Mais plus encore, il dotera le gouvernement du pouvoir scandaleux d’imposer l’arbitrage d’un conflit de travail en cas de « préjudice grave ou irréparable à la population » – évidemment, selon le jugement du gouvernement.
On voit ici que la CAQ a tiré les leçons des récentes grèves au Canada. Le gouvernement fédéral a cassé trois grèves depuis l’été dernier sans même convoquer le Parlement grâce à l’obscur article 107 du Code du travail, grâce auquel les travailleurs ont été ordonnés de reprendre le travail.
La CAQ cherche à se doter d’un outil similaire pour briser le mouvement ouvrier sans avoir à recourir aux impopulaires lois spéciales. Si ce projet de loi est adopté et appliqué, il ne restera plus grand chose du droit de grève.
Guerre commerciale et austérité
Alors que l’économie était déjà durement touchée par la crise prolongée du système capitaliste mondial, une guerre commerciale vient d’éclater entre le Canada et les États-Unis.

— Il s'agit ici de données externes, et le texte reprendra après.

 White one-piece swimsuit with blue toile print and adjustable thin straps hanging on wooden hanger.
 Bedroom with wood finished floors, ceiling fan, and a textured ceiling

La menace d’une récession pend comme une épée de Damoclès au-dessus de nos têtes. Il faut prévoir des mises à pied et des fermetures d’usines, ce qui poussera une partie de la classe ouvrière à entrer en lutte pour sauver les emplois.
De plus, même avant que la guerre commerciale ne soit un enjeu, la CAQ avait déjà entamé un virage vers l’austérité dans les services publics. Elle a déjà commandé 1,5 milliard de dollars de coupes en santé, et s’apprête à imposer l’austérité en éducation, avec des compressions de 200 millions de dollars dans l’aide alimentaire, l’achat de livres et les sorties culturelles.
De nouvelles coupes sont à prévoir, et elles entraîneront encore plus de luttes ouvrières.
Guerre de classes
Déjà, les travailleuses des CPE viennent d’entrer en grève; les 2400 travailleurs de la STM ont voté à 97% pour une grève pouvant aller jusqu’à la grève générale illimitée; et les travailleurs de la construction pourraient entrer en grève cet été. Nous pouvons également nous attendre à bien d’autres luttes contre l’austérité et les fermetures causées par la guerre commerciale.
Plusieurs syndicats ont indiqué vouloir riposter contre le PL89. Une manifestation contre le retour de l’austérité a déjà eu lieu le 20 février devant l’Assemblée nationale, comptant une centaine de travailleurs du secteur public.
Jean-Pierre Lauzon, le président du Syndicat des Cols bleus regroupés de Montréal (SCFP-301) a tenu ces propos inspirants : « ceux qui nous ont précédés n’ont jamais reculé devant la répression. Ils ont bravé les interdictions, défié les injonctions, tenu tête aux patrons et aux gouvernements […] Nous combattrons ce projet de loi avec tous les moyens à notre disposition, y compris la désobéissance civile si nécessaire! » (nos italiques). Cela pointe dans la bonne direction.
La présidente de la CSN a caractérisé le PL89 de « déclaration de guerre » aux travailleurs. Si l’on prend ses mots au sérieux, la CSN devrait nous fournir un plan de bataille sérieux pour gagner cette guerre des classes. Les actes doivent suivre les paroles. Il faudra cependant bien plus que les manifs habituelles des centrales syndicales, ou les appels aux tribunaux.
Le mouvement ouvrier doit organiser une mobilisation de masse contre ce projet de loi. L’abrogation du PL89 doit être incluse dans les demandes de toutes les grèves et luttes ouvrières à venir. Les travailleurs de la construction, par exemple, devraient l’inclure dès maintenant dans leurs revendications en vue de leurs négociations de ce printemps. Une grève de ces travailleurs contre le PL89 serait un excellent point de départ pour un mouvement de masse contre cette attaque.
Tout le mouvement ouvrier doit faire de cette lutte pour préserver le droit de grève son cheval de bataille. Pour reprendre les paroles de M. Lauzon, il faut être prêt à « brav[er] les interdictions » et combattre par la « désobéissance civile ».